The Gilo Rangeland Council was unequivocal on whether recent rainfall anomalies in the Somali region were in fact anomalies or whether they presage permanent shifts in weather patterns: "Drought used to occur every eight to 10 years. Now it is every two or four, or even in consecutive years. This is climate change," one of the officials on the council commented. The populations in places such as Gilo tend to accept a temporarily harsh local climate, with a range of resource management and societal arrangements, but they cannot necessarily endure intense, sustained ecosystem stress. "The old want to stay and continue and struggle," one member of the Gilo Rangeland Council told us, but "young people are demoralized and moving to towns." At the same time, everyone on the council had a cell phone and was well informed of the risks of migration.
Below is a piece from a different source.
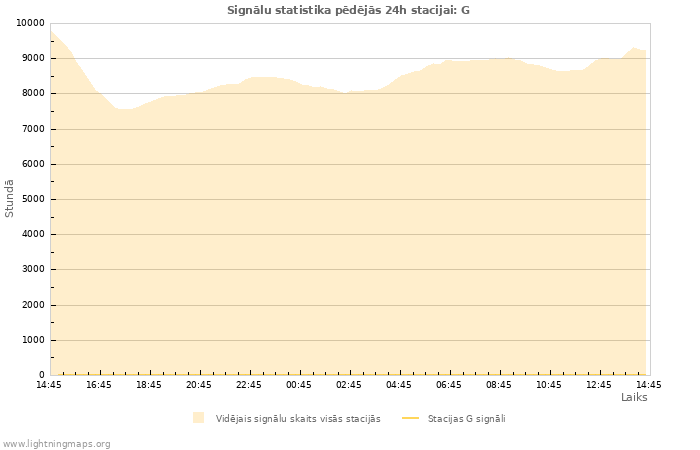 Grafiki: Signālu statistika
One man mentioned concerns about seeing television footage of refugees drowning in the Mediterranean while trying to reach Europe.

As we interviewed people in the region about water, weather, and conflict, the issue of climate change loomed over our discussions. The choices people make today are heavily influenced by their expectations for tomorrow. The question of whether to keep the family together in the village or send the children into town hinges on future prospects: will there be sufficient vegetation in the coming years to raise enough livestock to require shepherds–and to feed the family?
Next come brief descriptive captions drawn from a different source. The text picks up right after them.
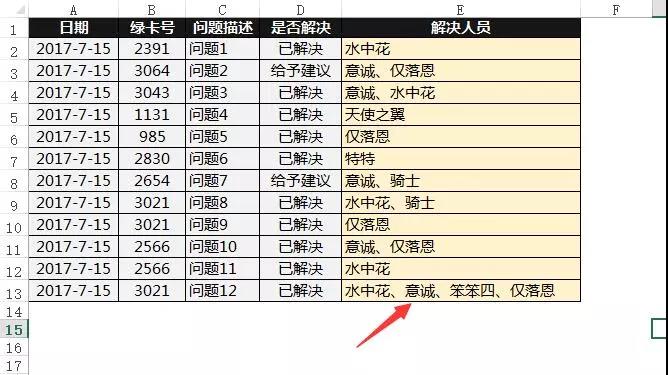 Excel表格快速整理，10秒搞定你半小時工作！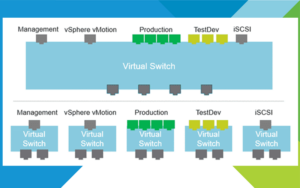 Các thành phần của một standard virtual switch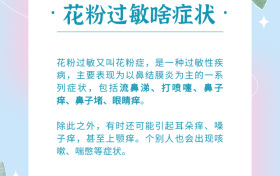 花粉季又又又又又來了，過敏人士看過來！縮略圖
Actors such as government bodies, development agencies, and nongovernmental organizations are working to alleviate some of the problems surrounding water in Somali region. Yet they face the same fundamental challenge of making choices today in the shadow of tomorrow. Newly built infrastructure, for example, affects and is affected by conditions today, next year, and 30 years from now. Future expectations are intrinsic to fixed investments with such a long life cycle.
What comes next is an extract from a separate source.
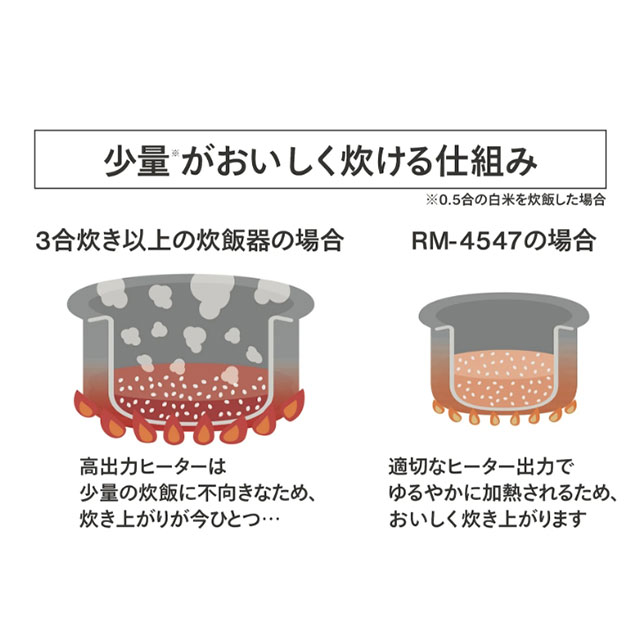 ツインバード　マイコン炊飯ジャー　1.5合  RM-4547W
Traditionally, individuals and organizations could look to the historical track record for guidance about conditions in the years and decades to come: average precipitation; onset dates and lengths of rainy seasons; frequency of drought or flooding. But as the Gilo Rangeland Council averred, disruption has displaced continuity in the expectations of locals. And when the past is no longer seen as a reliable predictor of the future, quality long-term decision-making is sorely handicapped.

Climate change projections could fill this gap, by providing a sound, scientific foundation of credible expectations and coherent possible scenarios. Unfortunately, the high-quality, fine-grained climate data that would be of the most use for decision-making is precisely the type of information that is unavailable in Somali region, despite a clear appetite for it at all levels of government. (Indeed, it’s not common for municipalities in more industrialized nations to use this sort of actionable climate data, either.) Climate research and forecasting has advanced dramatically in recent decades, but a large gap remains between what scientists know and what information decision makers have on hand. In Somali region at least, government officials reported having no long-term projections whatsoever. But the value is clear: Locally specific forecasts for temperature, rainfall, or other physical factors could mean the difference between building the right dam or the wrong one—or deciding to build no dam at all.

There are ways that our model could incorporate such climate forecasts. Although projecting future conditions falls well outside the scope of our work, estimating conflict risk under certain scenarios is entirely within the capabilities of the model. Scenario-based estimation of conflict risk is a straightforward matter of inputting hypothetical indicator values into the model. If those hypothetical values for precipitation or evapotranspiration or soil moisture are derived from rigorous climate change projections, our model can produce credible, if speculative, forecasts of the risk of conflict under those conditions.